The Nowhere Inn slips moments of levity into all this self-conscious prodding. Director Bill Benz is a Portlandia alum, and he knows when to center on slight shifts in Brownstein’s expression, the moments when a raised eyebrow or slow blink can make a scene. The only purely funny moment in the movie stems from a Dakota Jonson cameo, with the actress playing herself as Clark’s newest celebrity girlfriend.
The sets and costumes are sumptuous, and the camera lets us drink it all in. Glittering dresses abound. Statues shine in the background. The lens shivers and blurs, red streaks oozing across the screen at times. There are so many shots of mirrors, so many heavy-handed metaphors: We see abundant refractions and reflections of Brownstein and Clark. But a film can’t propel itself on symbolism alone.

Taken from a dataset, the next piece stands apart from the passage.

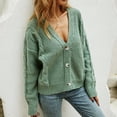 thumbnail image 1 of Babysbule Womens Cardigans Women's V-Neck Solid Color Button Long Sleeve Knitted Sweater Cardigan Women's Top Blouse, 1 of 9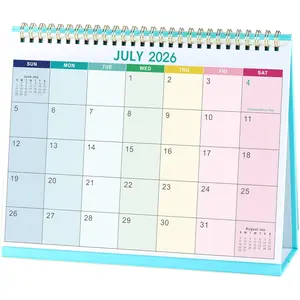 Desk Calendar 2026-2027 - JUL 2026 - DEC 2027, Calendar 2026-2027, 9.8" x 8.3", Standing Flip Desktop Calendar with Thick Paper, Memo Pages + -Wire Binding + Unruled Blocks - Rainbow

Still, there are intriguing questions at the movie’s core. “The audience doesn’t need me,” Clark says at one point, slamming her fist on a board room table. “I’m just a vessel for their feelings.” At another point in the film, she insists: “I know who I am. Why does it matter if anyone else does?” It’s hard to not to read this as a rebuke of St. Vincent’s critics, or a blanket defense for her past media conduct, but interrogating what artists actually owe fans and vice versa is worthwhile and compelling. Instead, the movie sinks further into itself. While bending over backwards to assert that it’s not your typical music star documentary, The Nowhere Inn achieves the same result as most films in that genre. We’re left grasping at the idea of who St. Vincent is or could be; all we know for sure is how much she wants to prove.
The Nowhere Inn is out 9/17 on VOD and in select theaters.